With the economy just starting to pick up steam after years in the doldrums, things might be all teed up for the winner of the election to preside over a rebounding and robust economy. Whoever wins will get the credit and reap the benefit. This is no small thing. In fact it’s a very huge thing. The winner may very well go down in history as the man who led the country out of the greatest economic crisis in eight decades.

If it’s Obama, that validates the stimulus, the deficit—even Obamacare, which revolutionizes one sixth of the economy. That old-time FDR religion, Democrats could claim, still works. “Which party sent this country to the brink of ruin in 2008, and which party pulled our chestnuts out of the fire?” could be a Democratic rallying cry until about the 2040s.

And if it’s Romney? Well, that’ll be one lucky man.

To confirm Michael's point about how good results indicate whatever the incumbent happens to have done, here's a maybe useful Canadian comparison.

Canada, as almost all Canadians are exquisitely aware, has escaped the Great Recession more lightly than almost any other of the big rich democracies. The political result is striking. There have been 14 federal and provincial elections in Canada since Lehman Brothers failed in the fall of 2008. Incumbents have won re-election in all but three of the elections of them. It didn't matter whether the incumbents were socialist NDP (Manitoba, 2011) or leftish Liberals (Quebec, 2008) or rightish Liberals (British Columbia, 2009) or soft Conservatives (Alberta 2012) or tough Conservatives (federal elections, 2008 and 2011) or sui generis Yukon and Saskatchewan party governments. They all won, typically with expanded majorities.

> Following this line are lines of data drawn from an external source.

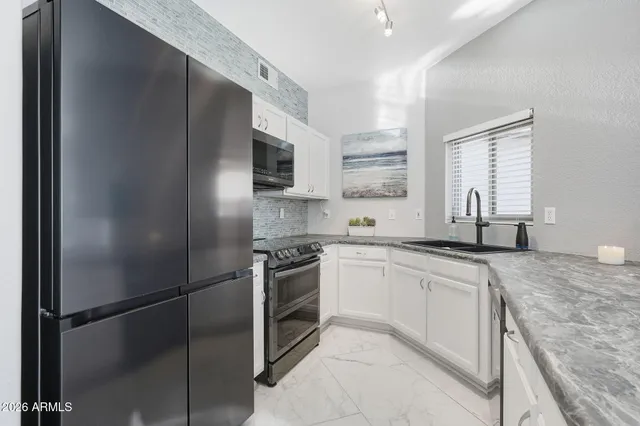 $425,000 | 1273 South Boulder Street, Unit A, Gilbert, AZ 85296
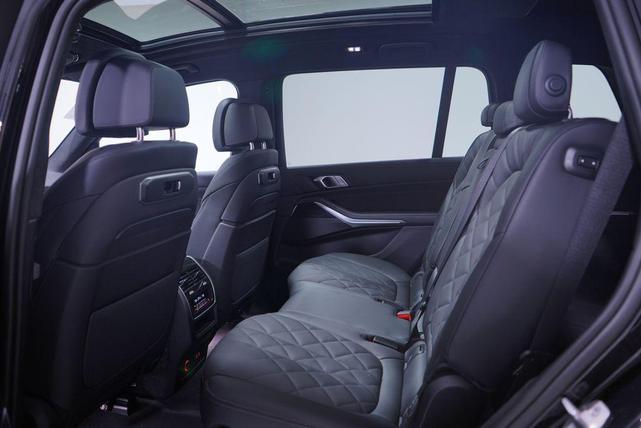 Photo of 2026 Black Sapphire Metallic BMW X7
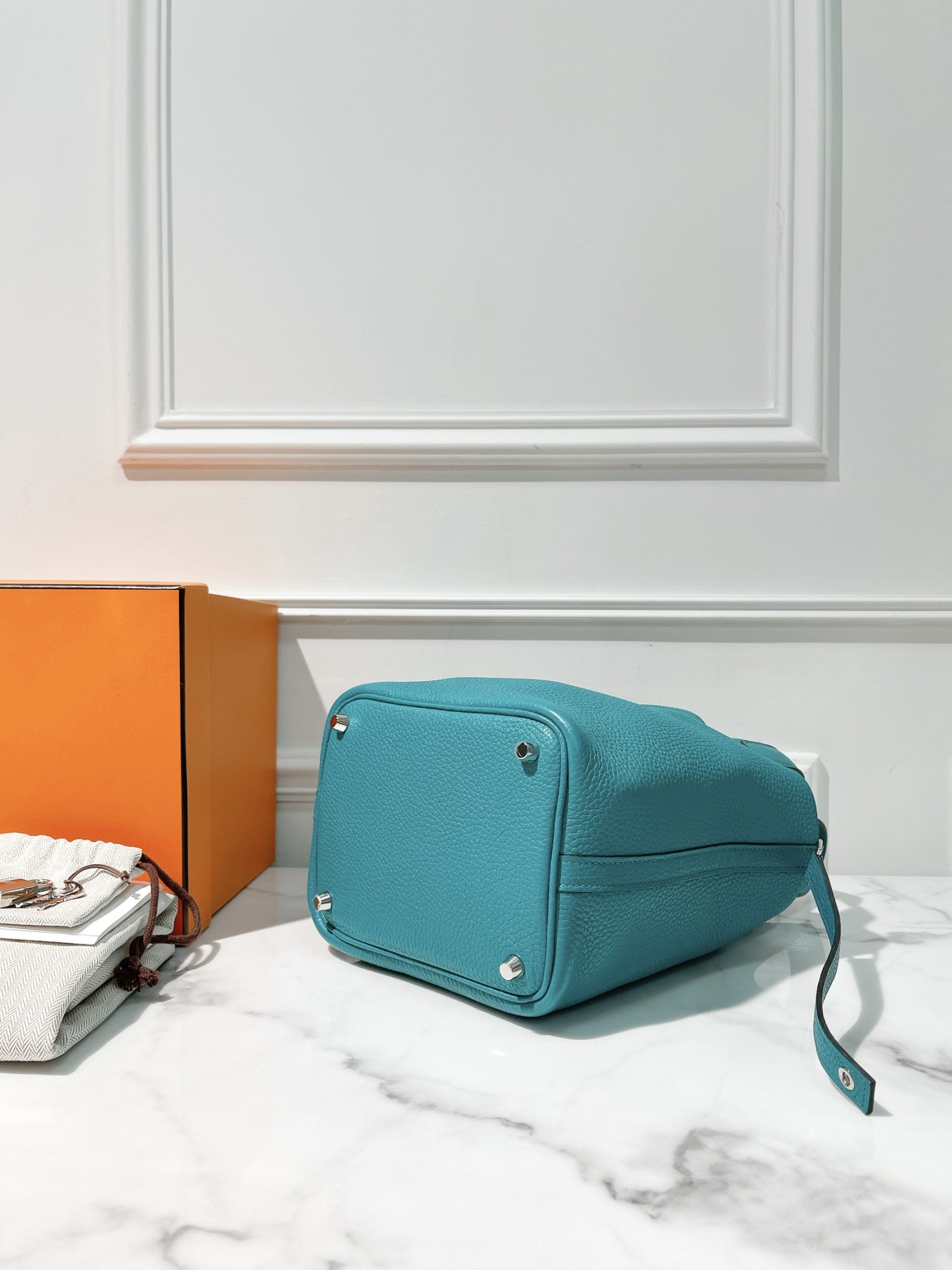 HERMES PICOTIN 18, Bleu Paon/Silver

The three exceptions to the rule all had some special local circumstance to explain them: student disturbances in Quebec 2012, a dispute over the sale of the local power company to Hydro Quebec in New Brunswick 2010, and a dispute over the allocation of oil and gas revenues in Nova Scotia in 2009.

Voters vote for results, and they don't seem to ask too many questions about how or why the results were obtained.